I'm reminded, once again, of the recent "vibe coded" OCaml fiasco[1].
The PR author had zero understanding why their entirely LLM-generated contribution was viewed so suspiciously.
The article validates a significant point: it is one thing to have passing tests and be able to produce output that resembles correctness - however it's something entirely different for that output to be good and maintainable.
I'm humbled by the maintainer's answer [0]. Must be great to work with people like him who have infinite patience and composure.
[0] https://github.com/ocaml/ocaml/pull/14369#issuecomment-35565...
Damn... "AI has a very deep understanding of how this code works. Please challenge me on this." this person is something else. Just... wow.
The Ai legal analysis seemed to be the nail in the coffin.
Adding Ai generated comments are IMHO some of the most rude uses of Ai.
however it's something entirely different for that output to be good and maintainable
People aren't prompting LLMs to write good, maintainable code though. They're assuming that because we've made a collective assumption that good, maintainable code is the goal then it must also be the goal of an LLM too. That isn't true. LLMs don't care about our goals. They are solving problems in a probabilistic way based on the content of their training data, context, and prompting. Presumably if you take all the code in the world and throw it in mixer what comes out is not our Platonic ideal of the best possible code, but actually something more like a Lovecraftian horror that happens to get the right output. This is quite positive because it shows that with better prompting+context+training we might actually be able to guide an LLM to know what good and bad looks like (based on the fact that we know). The future is looking great.
However, we also need to be aware that 'good, maintainable code' is often not what we think is the ideal output of a developer. In businesses everywhere the goal is 'whatever works right now, and to hell with maintainability'. When a business is 3 months from failing spending time to write good code that you can continue to work on in 10 years feels like wasted effort. So really, for most code that's written, it doesn't actually need to be good or maintainable. It just needs to work. And if you look at the code that a lot of businesses are running, it doesn't. LLMs are a step forward in just getting stuff to work in the first place.
If we can move to 'bug free' using AI, at the unit level, then AI is useful. Above individual units of code, like logic, architecture, security, etc things still have to come from the developer because AI can't have the context of a complete application yet. When that's ready then we can tackle 'tech debt free' because almost all tech debt lives at that higher level. I don't think we'll get there for a long time.
I get infuriated just from reading that, I wish I had as much patience as the maintainers on that project.
I just read that whole thread and I think the author made the mistake of submitting a 13k loc PR, but other than that - while he gets downvoted to hell on every comment - he's actually acting professionally and politely.
I wouldn't call this a fiasco, it reads to me more that being able to create huge amounts of code - whether the end result works well or not - breaks the traditional model of open source. Small contributions can be verified and the merrit-vs-maintenance-effort can at least be assessed somewhat more realistically.
I have no bones in the "vibe coding sucks" vs "vibe coding rocks" discussion and I reading that thread as an outsider. I cannot help but find the PR author's attitude absolutely okay while the compiler folks are very defensive. I do agree with them that submitting a huge PR request without prior discussion cannot be the way forward.
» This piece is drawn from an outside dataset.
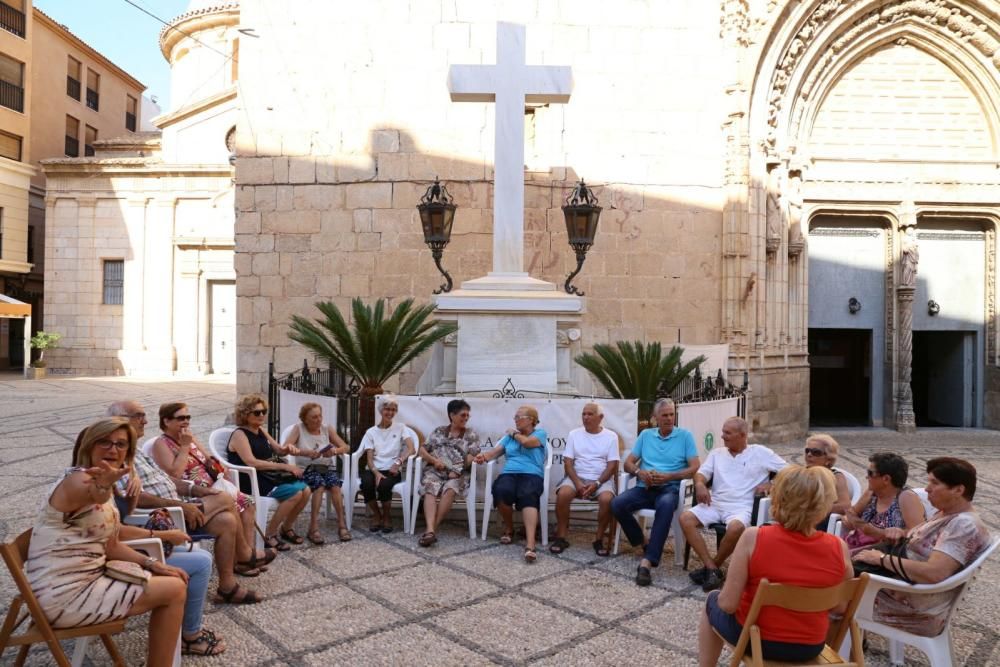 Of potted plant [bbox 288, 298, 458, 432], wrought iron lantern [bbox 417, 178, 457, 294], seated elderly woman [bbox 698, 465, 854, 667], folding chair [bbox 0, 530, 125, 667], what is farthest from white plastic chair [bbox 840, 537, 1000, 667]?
wrought iron lantern [bbox 417, 178, 457, 294]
But that's almost orthogonal to the question of whether AI-generated code is or is not of value.
If I were the author, I would probably take my 13k loc proof-of-concept implementation and chop it down into bite-size steps that are easy to digest, and try to get them to get integrated into the compiler successively, with being totally upfront about what the final goal is. You'd need to be ready to accept criticism and requests for change, but it should not be too hard to have your AI of choice incorporate these into your code base.
I think the main mistake of the author was not to use vibe coding, it was to dream up his own personal ideal of a huge feature, and then go ahead and single-handedly implement the whole thing without involving anyone from the actual compiler project. You cannot blame the maintainers for not being crazy about accepting such a huge blob.
>Here's my question: why did the files that you submitted name Mark Shinwell as the author?
>Beats me. AI decided to do so and I didn't question it.
Haha that's comedy gold, and honestly a good interview screening situation - you'd instantly pass on the candidate!